Della wasn’t going to advertise for a flatmate. You couldn’t be too careful. Yet she had to find someone if she was going to afford any new winter clothes, not to mention heating the place. It would have to be the right person, someone to fill all her own exacting requirements as well as satisfy Mrs Swanson….

“Ooh, it’s lovely!” said Rosamund Vine.” It’s so quiet and clean. And you’ve got a garden! You should see the dump I’ve been living in. It was over-run with mice.”

“You don’t get mice,” said Della repressively, “unless you leave food about.”

“I won’t do that. I’ll be ever so careful. I’ll go halves with the rent and I’ll have the key to the back door, shall I? That way I won’t disturb you if I come in late at night.”

“I hope you won’t come in late at night,” said Della. “Mrs Swanson’s very particular about that sort of thing.”

“Don’t worry.” Rosamund sounded rather bitter. “I’ve nothing and no one to keep me out late. Anyway, the last bus passes the end of the road at a quarter of twelve.”

Della pushed aside her misgivings, and Mrs Swanson, interviewing Rosamund, appeared to have none. She made a point of explaining the safety precautions, to which Rosamund listened meekly and with earnest nods of her head. Della was glad this duty hadn’t fallen to her, as she didn’t want Rosamund to tell exaggerated tales about her at work. So much the better if she could put it all on Mrs Swanson.

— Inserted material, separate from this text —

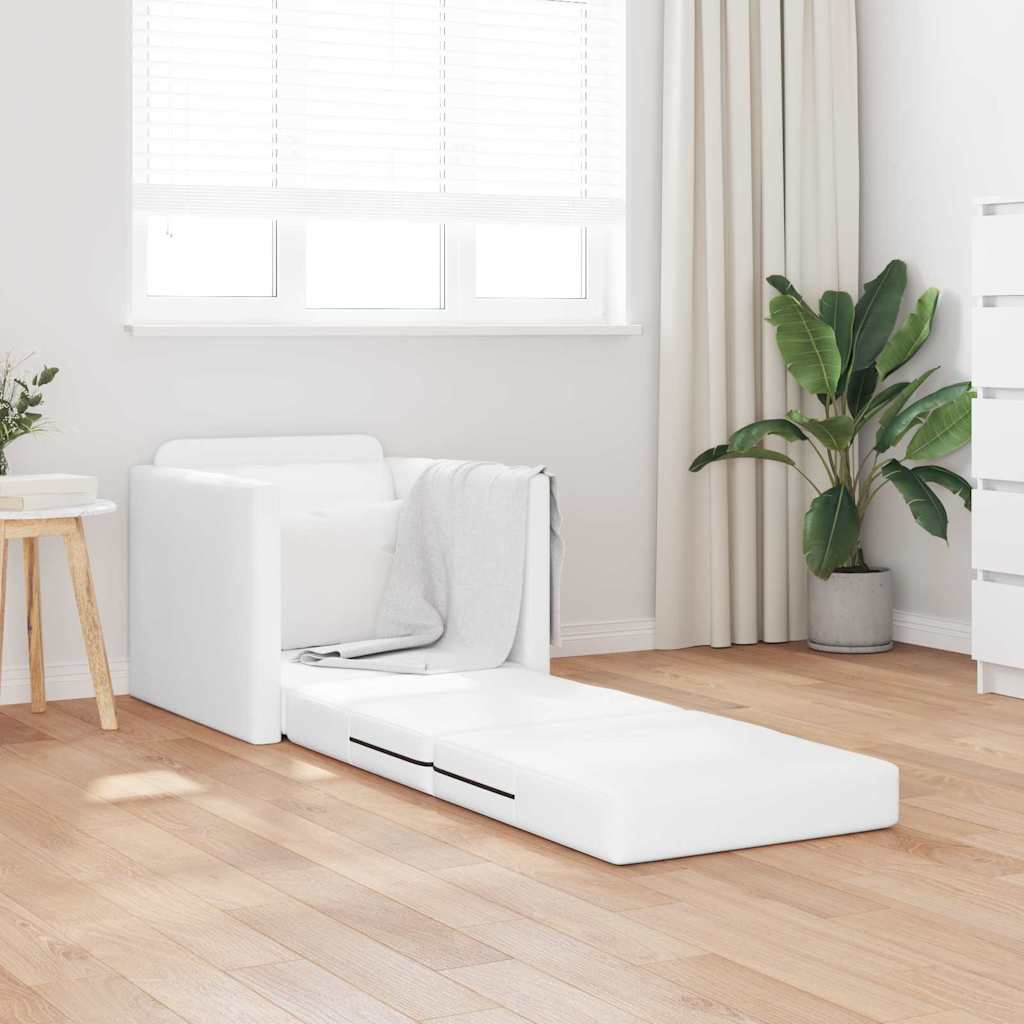 Floor Sofa Bed with Cushion White 74 x 77 x 81 cm Faux leather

Rosamund Vine had been chosen with the care Della devoted to every choice she made. It had taken three weeks of observation and keeping her ears open to select her. It wouldn’t do to find someone on too low a salary or, on the other hand, someone with too lofty a position in the company. She didn’t like the idea of a spectacularly good-looking girl, for such led hectic lives, or too clever a girl, for such might involve her in tiresome arguments. An elegant girl would fill the cupboards with clothes and the bathroom with cosmetics. A gifted girl would bring in musical instruments or looms or paints or trunks full of books. Only Rosamund, of all the candidates, qualified. She was small and quiet and prettyish, a secretary (though not Della’s secretary), the daughter of a clergyman who, by coincidence, had been at the same university at the same time as Della’s father. Della, who had much the same attitude as Victorian employers had to their maids’ “followers,” noted that she had never heard her speak of a boy friend or overheard any cloakroom gossip as to Rosamund’s love life.